--- TO DO ---
Gather all lines in the records below that include the word "southernfs".

RECORDS PROVIDED Start Marker

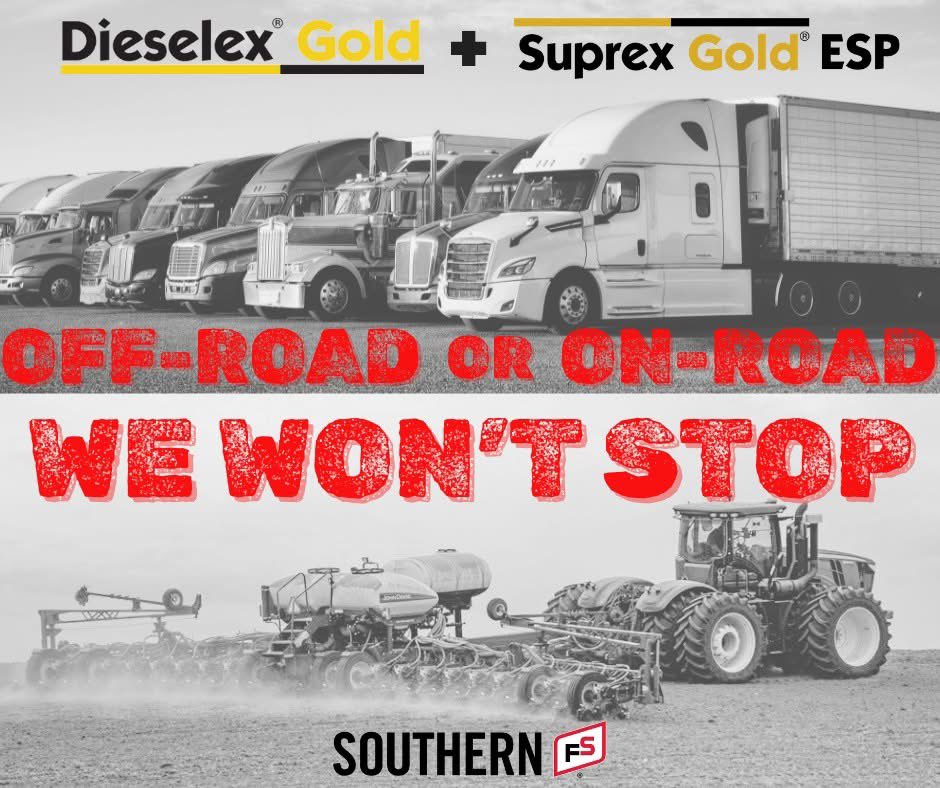 Southern FS (@southern_fs_inc) on Twitter photo 🌾🚛 FARMING TO COMMERCIAL, ON ROAD OR OFF ROAD, WE WON’T STOP WORKING FOR YOU.
Tractors in the field. Rigs on the highway. Whatever you drive, wherever you work we fuel it, we protect it, we keep it moving. 
#southernfs #plant25 #agriculture #dieselex 🌾🚛 FARMING TO COMMERCIAL, ON ROAD OR OFF ROAD, WE WON’T STOP WORKING FOR YOU.
Tractors in the field. Rigs on the highway. Whatever you drive, wherever you work we fuel it, we protect it, we keep it moving. 
#southernfs #plant25 #agriculture #dieselex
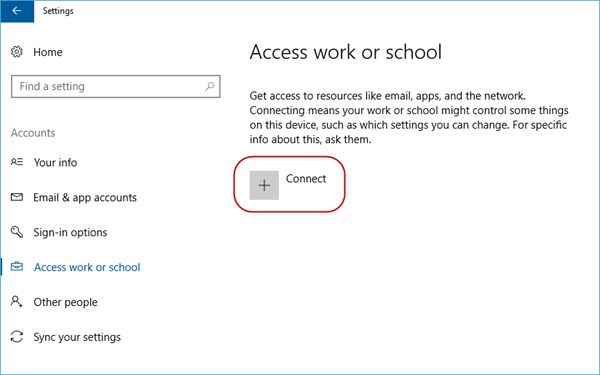 botón connect para acceder a la opción de trabajo o escuela.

RECORDS PROVIDED End Marker

--- ANSWER TO THIS EXERCISE ---
#southernfs #plant25 #agriculture #dieselex 🌾🚛 FARMING TO COMMERCIAL, ON ROAD OR OFF ROAD, WE WON’T STOP WORKING FOR YOU.
#southernfs #plant25 #agriculture #dieselex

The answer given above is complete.